■ Assignment: Return the data below exactly as given, except for the images.

Pictures with short captions:
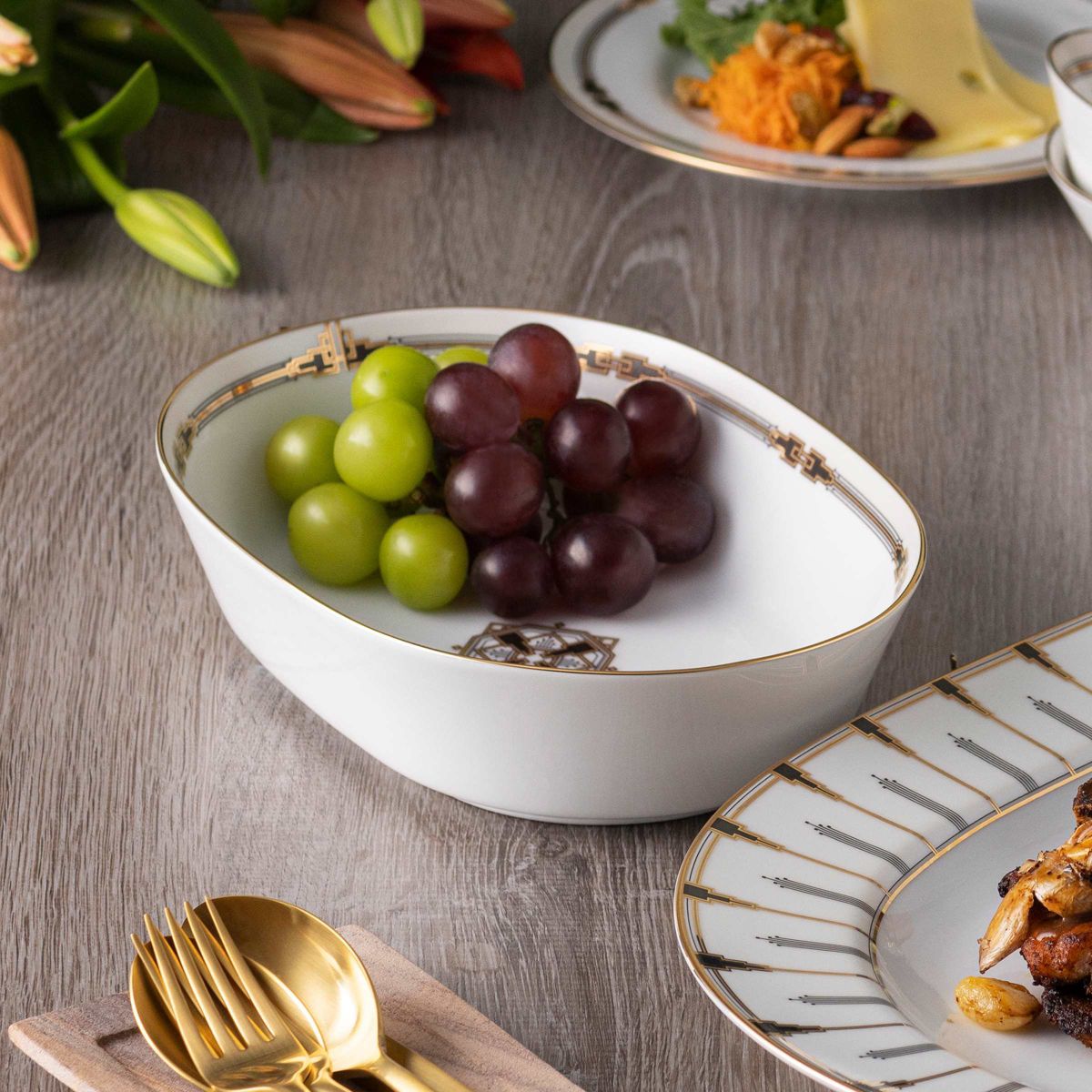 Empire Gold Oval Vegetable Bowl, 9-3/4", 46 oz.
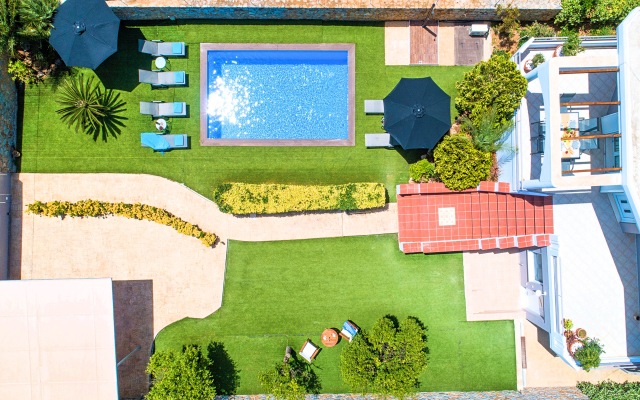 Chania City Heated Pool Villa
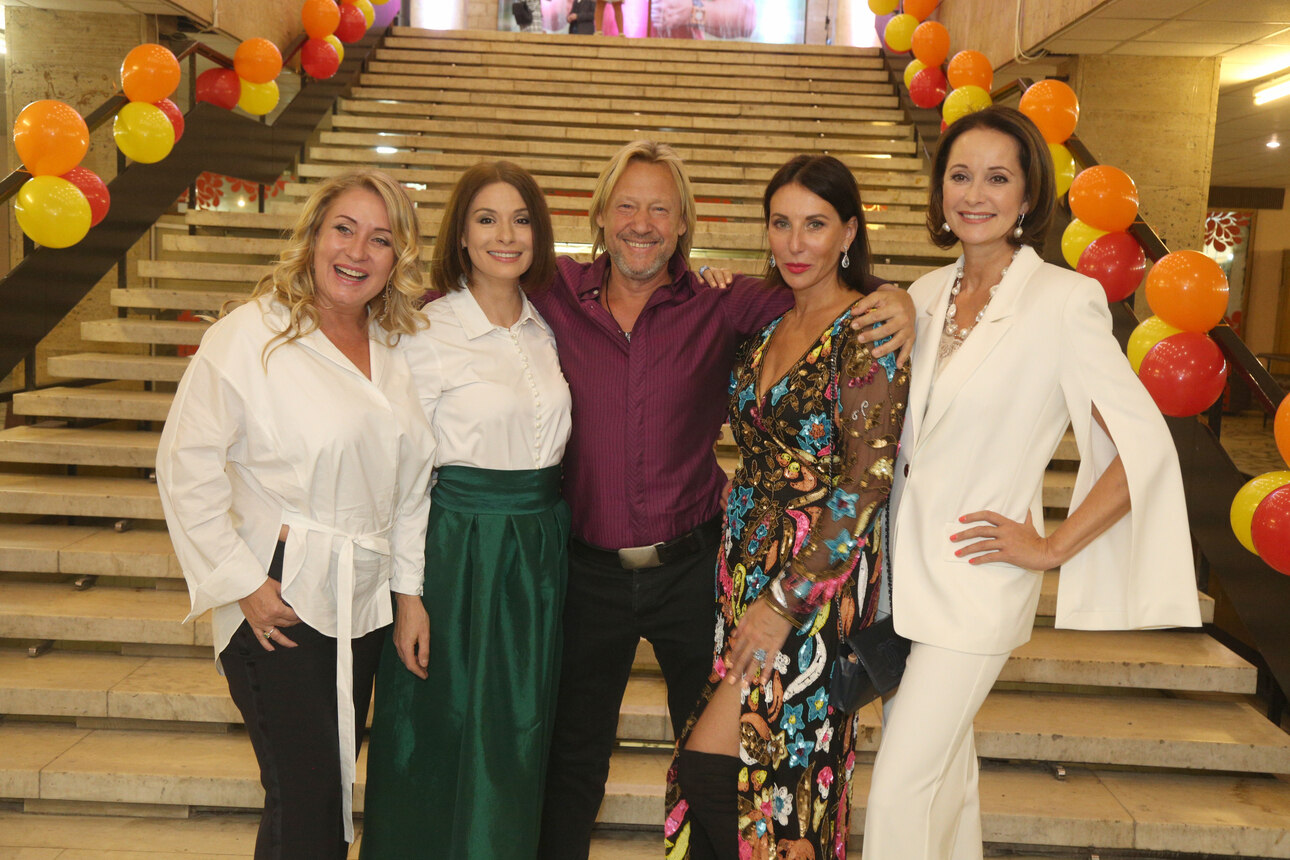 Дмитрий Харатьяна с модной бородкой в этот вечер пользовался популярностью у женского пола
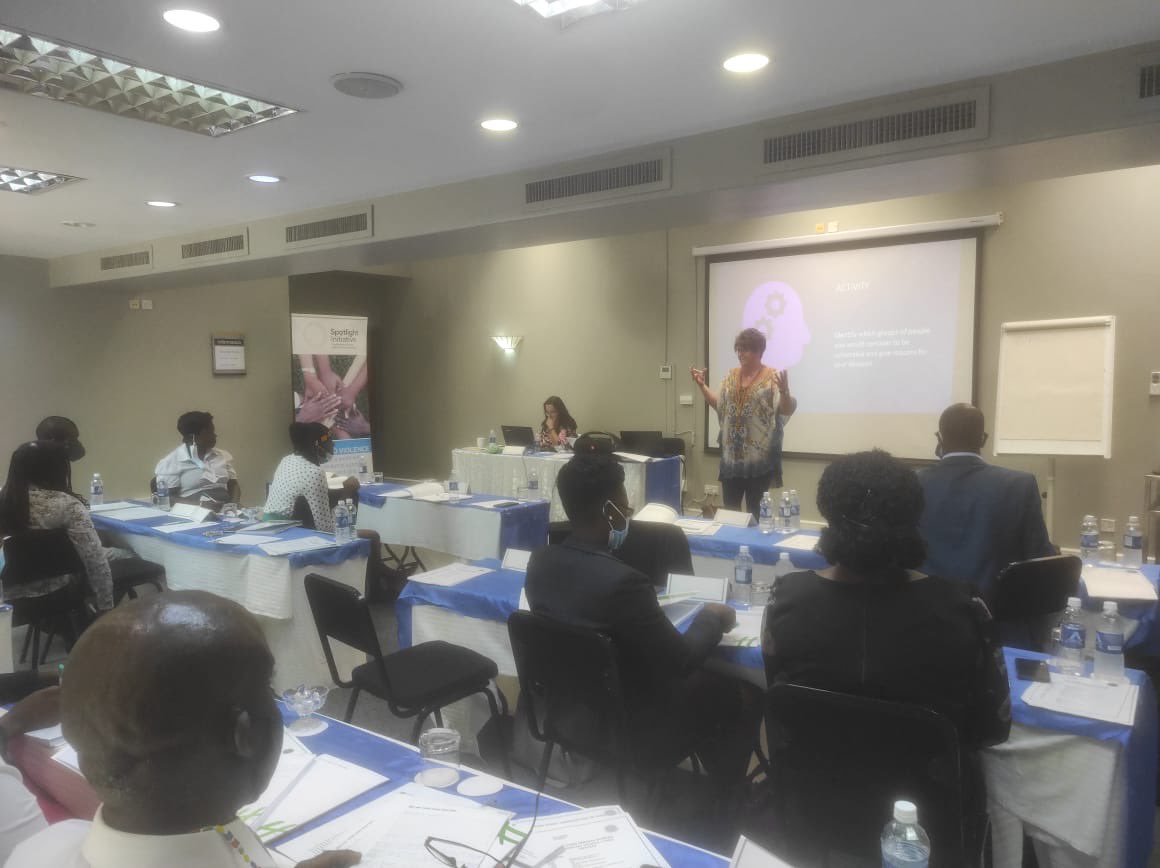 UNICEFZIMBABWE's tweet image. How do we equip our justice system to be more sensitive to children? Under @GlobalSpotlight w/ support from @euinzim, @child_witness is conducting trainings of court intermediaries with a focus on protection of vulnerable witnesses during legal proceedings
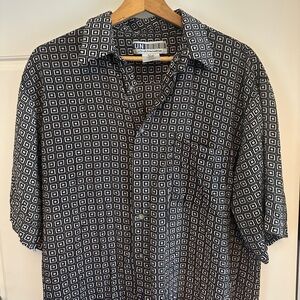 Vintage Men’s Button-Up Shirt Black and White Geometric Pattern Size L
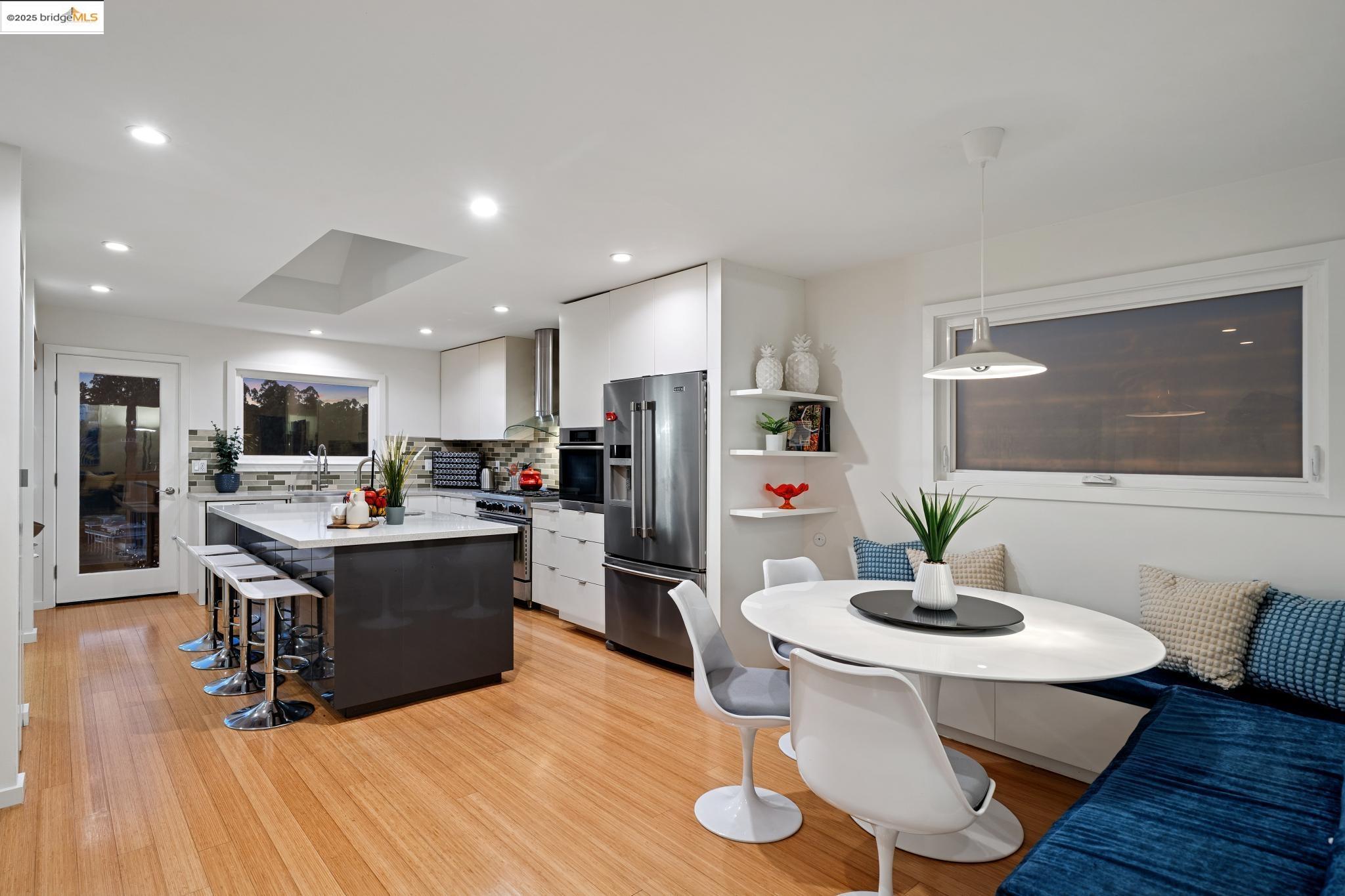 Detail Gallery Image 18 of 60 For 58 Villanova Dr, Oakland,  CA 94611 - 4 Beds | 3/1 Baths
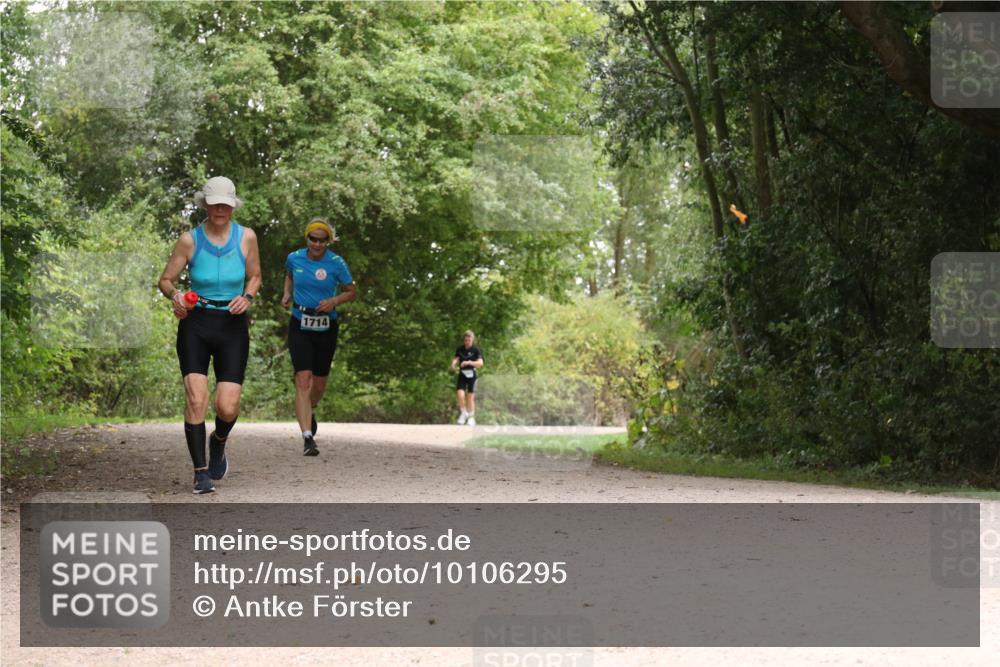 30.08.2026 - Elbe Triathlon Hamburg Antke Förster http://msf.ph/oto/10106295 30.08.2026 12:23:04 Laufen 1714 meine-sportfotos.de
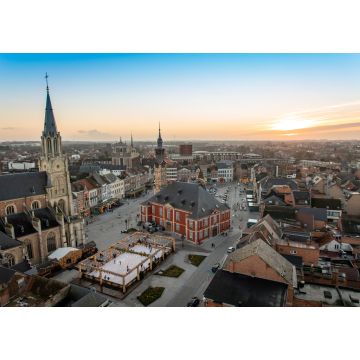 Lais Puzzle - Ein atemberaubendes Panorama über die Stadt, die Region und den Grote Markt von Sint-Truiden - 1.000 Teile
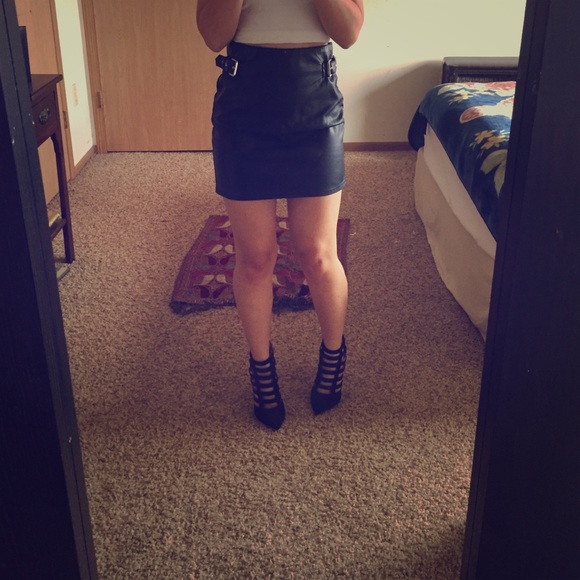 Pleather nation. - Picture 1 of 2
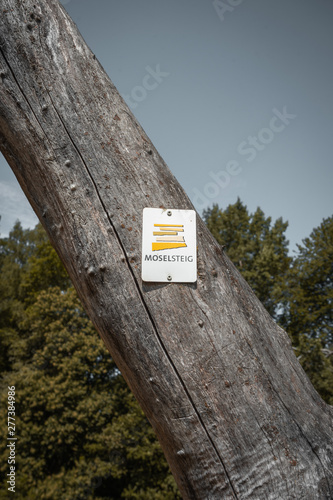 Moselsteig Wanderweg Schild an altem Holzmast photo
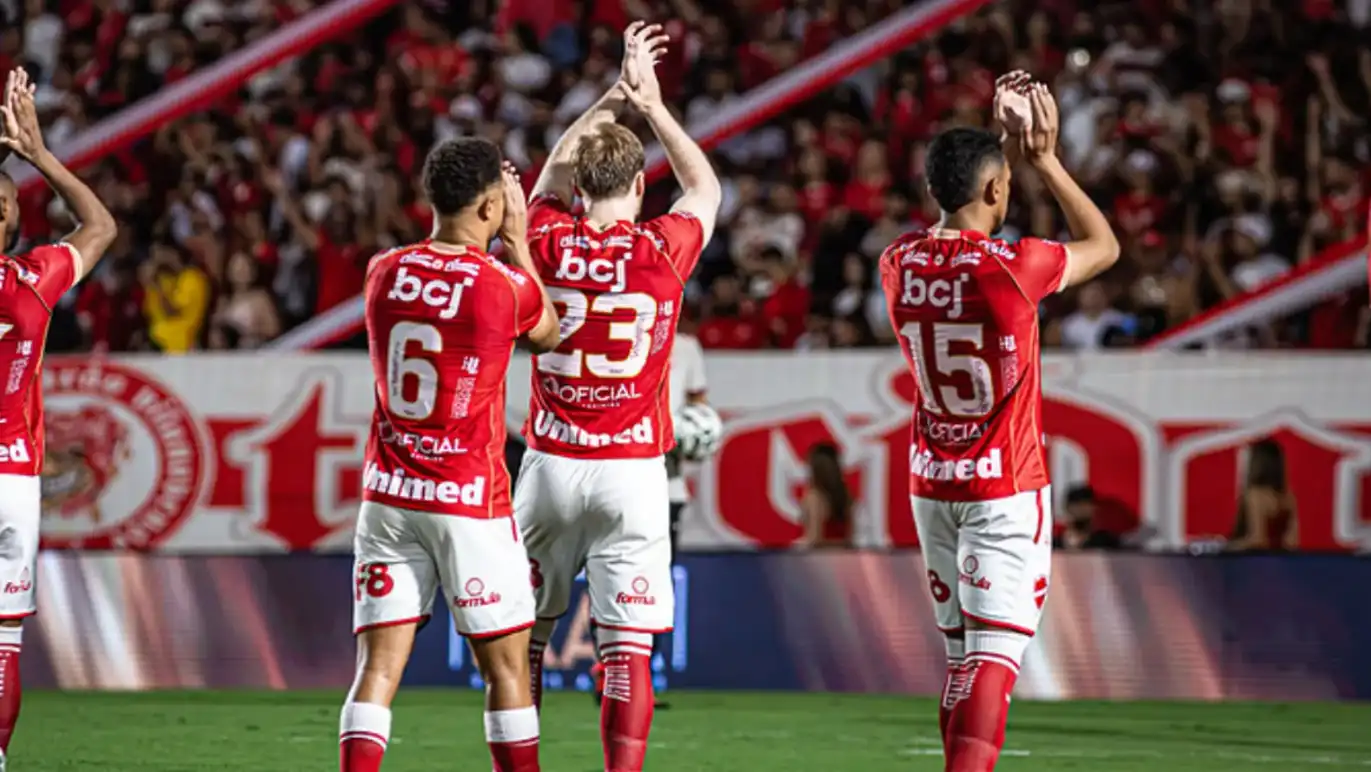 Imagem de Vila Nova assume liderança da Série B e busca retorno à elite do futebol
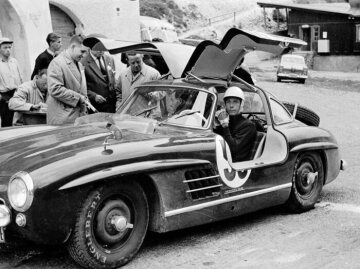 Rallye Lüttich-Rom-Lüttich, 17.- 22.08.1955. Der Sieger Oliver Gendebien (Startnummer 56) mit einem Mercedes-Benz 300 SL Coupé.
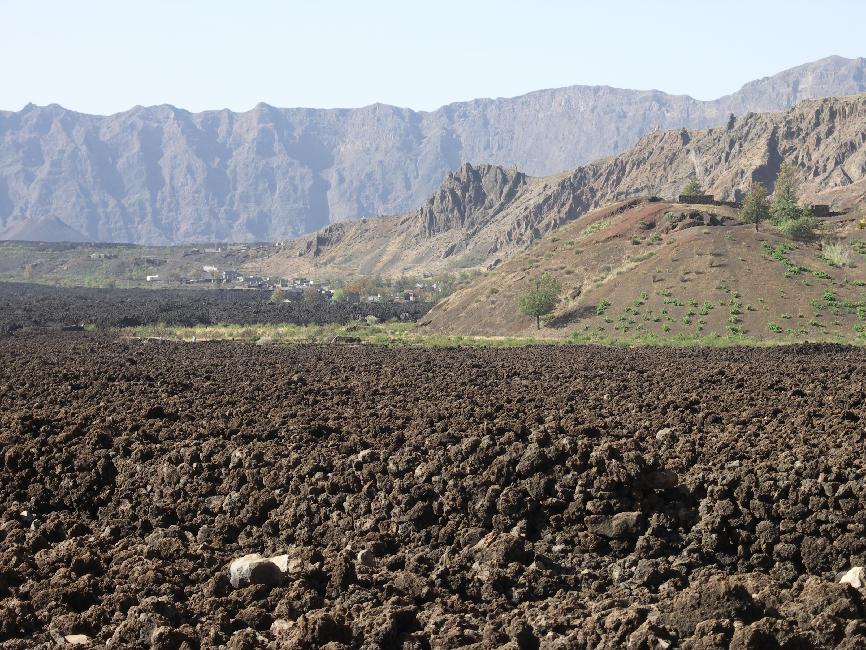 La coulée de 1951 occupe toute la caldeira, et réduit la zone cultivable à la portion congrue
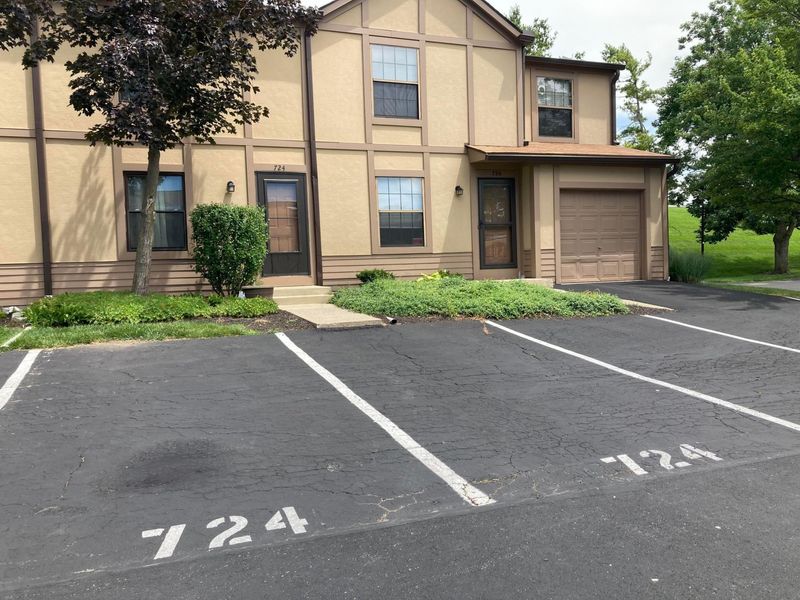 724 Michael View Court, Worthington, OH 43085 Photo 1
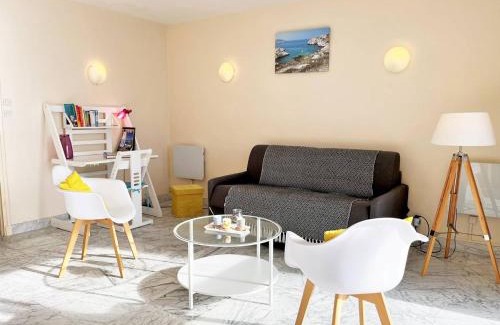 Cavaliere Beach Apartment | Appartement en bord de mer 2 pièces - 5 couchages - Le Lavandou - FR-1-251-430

■ Answer space:
 Empire Gold Oval Vegetable Bowl, 9-3/4", 46 oz.
 Chania City Heated Pool Villa
 Дмитрий Харатьяна с модной бородкой в этот вечер пользовался популярностью у женского пола
 UNICEFZIMBABWE's tweet image. How do we equip our justice system to be more sensitive to children? Under @GlobalSpotlight w/ support from @euinzim, @child_witness is conducting trainings of court intermediaries with a focus on protection of vulnerable witnesses during legal proceedings
 Vintage Men’s Button-Up Shirt Black and White Geometric Pattern Size L
 Detail Gallery Image 18 of 60 For 58 Villanova Dr, Oakland,  CA 94611 - 4 Beds | 3/1 Baths
 30.08.2026 - Elbe Triathlon Hamburg Antke Förster http://msf.ph/oto/10106295 30.08.2026 12:23:04 Laufen 1714 meine-sportfotos.de
 Lais Puzzle - Ein atemberaubendes Panorama über die Stadt, die Region und den Grote Markt von Sint-Truiden - 1.000 Teile
 Pleather nation. - Picture 1 of 2
 Moselsteig Wanderweg Schild an altem Holzmast photo
 Imagem de Vila Nova assume liderança da Série B e busca retorno à elite do futebol
 Rallye Lüttich-Rom-Lüttich, 17.- 22.08.1955. Der Sieger Oliver Gendebien (Startnummer 56) mit einem Mercedes-Benz 300 SL Coupé.
 La coulée de 1951 occupe toute la caldeira, et réduit la zone cultivable à la portion congrue
 724 Michael View Court, Worthington, OH 43085 Photo 1
 Cavaliere Beach Apartment | Appartement en bord de mer 2 pièces - 5 couchages - Le Lavandou - FR-1-251-430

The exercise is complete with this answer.